For the purposes of this article, focusing on early modern republics is important not only because, in previous centuries, it had been with respect to this form of government that the ideal of meritocracy had been debated, but also because it was in these republics that, at least in theory, we could look for “pockets of meritocracy” surviving into an age that was no longer very interested in the concept. After all, Patrizi himself had lauded the Venetian Republic as being the closest to a truly meritocratic polity. The problem, however, is that the republican form of government is not necessarily meritocratic, as it can occupy any point along a spectrum ranging from a democracy “ruled by the multitude,” where recruitment into office might depend on merit, to an oligarchy “ruled by the few,” where at most the best from among a restricted elite are selected for high office (but also where, more often than not, either the descendants of those who had wielded power in the past, or the wealthiest, or some combination of the two, hold sway).
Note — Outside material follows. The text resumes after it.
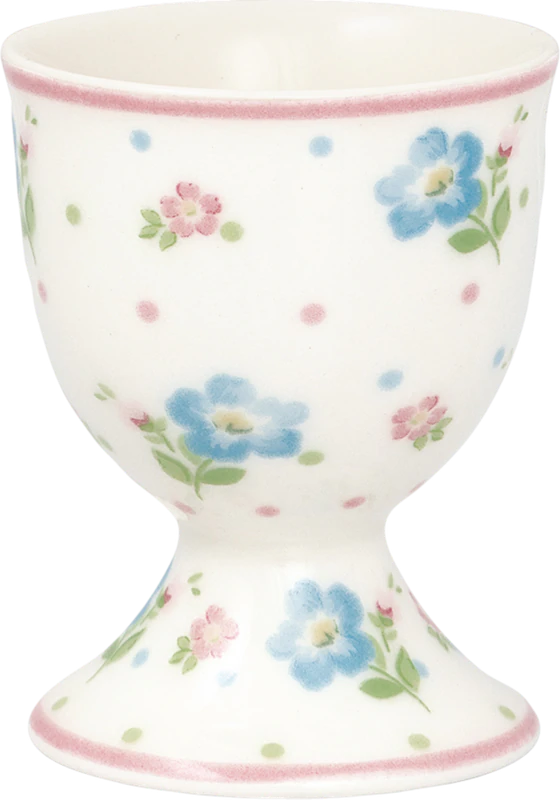 Eierbecher Greengate Rosalia Weiß – Handbemaltes Steinzeug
Indeed, a republic may, in the course of its historical development, move along this spectrum while maintaining an impressive degree of stability in its formal institutions. The case of Venice serves to elucidate this point.
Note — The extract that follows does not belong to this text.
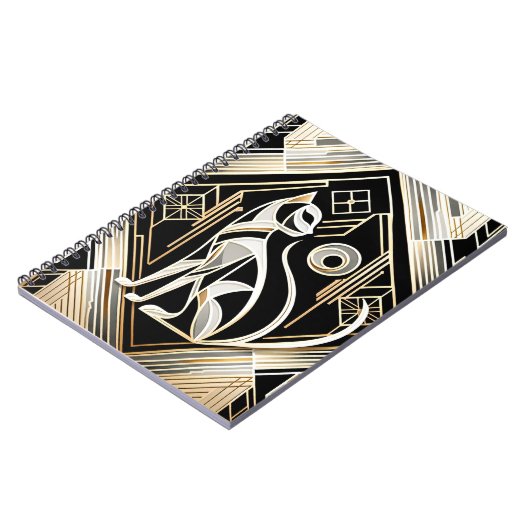 装飾抽象芸術黒猫ノート ノートブック (左側)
One reason why, in the Middle Ages, republics could flourish in much of central-northern Italy—and most definitely in Venice—is that, in this area, the feudal nobility were relatively weak. However, even in the absence of a traditional nobility, the temptation to restrict power to a well-defined ruling elite could eventually emerge. In Venice, the turning point is usually placed in 1297, when the city decided to reserve access to the main political body of the Republic, the Maggior Consiglio (“Great Council”) to the members of a well-defined group of “patrician” families. Lists of those eligible for the Maggior Consiglio were drafted, and from 1323 on, it was clearly established that eligibility was to be inherited; at the same time, only the descendants of previous members of the council could be admitted to it (Lane 1973, 112–114, 252–253).
This oligarchic component of the Venetian constitution does not seem to have particularly troubled observers such as Patrizi, presumably because of the pragmatic tradition that had imbued Western political thought since Roman times. It was one thing to advocate, in principle, the recruitment of the best from among the entire body of citizens (after providing them some basic education, of course) and quite another to pretend that all citizens, including the uneducated and those deemed unworthy for whatever reason, should be given equal access to government. As has already been observed, for Patrizi, the crucial point in allowing for merit-based appointments was to avoid the capture of elections by great wealth—an objective that, it seems, was easier to achieve when all the electors were very wealthy (as was the case, by and large, with the original members of the Maggior Consiglio). After all, Venice was not only a republic, but a mercantile republic, a polity ruled—by definition—by its economic elite.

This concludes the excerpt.